Manfaatkan LinkUMKM BRI untuk berkembang, Inni Dawet jaga kuliner tradisional di tengah minuman kekinian
Manfaatkan LinkUMKM BRI untuk berkembang, Inni Dawet jaga kuliner tradisional di tengah minuman kekinian

Manfaatkan LinkUMKM BRI untuk berkembang, Inni Dawet jaga kuliner tradisional di tengah minuman kekinian

LintasWarganet.com – 29 Maret 2026 | Jakarta – Di tengah gelombang kuliner modern yang kian mendominasi pasar, usaha tradisional Inni Dawet yang berlokasi di Jakarta Timur berhasil bertahan dan bahkan mengembangkan usahanya berkat dukungan program LinkUMKM BRI. Program ini dirancang khusus untuk membantu usaha mikro, kecil, dan menengah (UMKM) mendapatkan akses ke pembiayaan, pelatihan, serta jaringan pasar yang lebih luas.
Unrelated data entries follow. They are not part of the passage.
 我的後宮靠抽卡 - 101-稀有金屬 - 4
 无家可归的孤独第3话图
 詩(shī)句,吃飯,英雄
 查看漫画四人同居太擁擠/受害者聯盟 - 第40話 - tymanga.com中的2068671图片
Inni Dawet, yang mengusung minuman tradisional berbasis cendol dan sirup gula merah, sempat merasakan tekanan penurunan penjualan ketika tren minuman kekinian seperti bubble tea dan kopi susu melanda. Pemilik usaha, Ibu Novi, memutuskan untuk memanfaatkan LinkUMKM BRI setelah mengetahui adanya fasilitas kredit dengan bunga ringan, pelatihan manajemen keuangan, dan promosi digital melalui platform BRI.

Berbagai langkah konkrit yang diambil melalui program tersebut meliputi:

  • Pembiayaan modal kerja sebesar Rp 25 juta dengan tenor 12 bulan, memungkinkan pembelian bahan baku berkualitas dan penambahan peralatan produksi.
  • Workshop pemasaran digital yang mengajarkan cara memanfaatkan media sosial, foto produk, serta penawaran paket bundling untuk menarik konsumen muda.
  • Kolaborasi dengan jaringan toko kelontong BRI yang memperluas distribusi produk di wilayah Jabodetabek.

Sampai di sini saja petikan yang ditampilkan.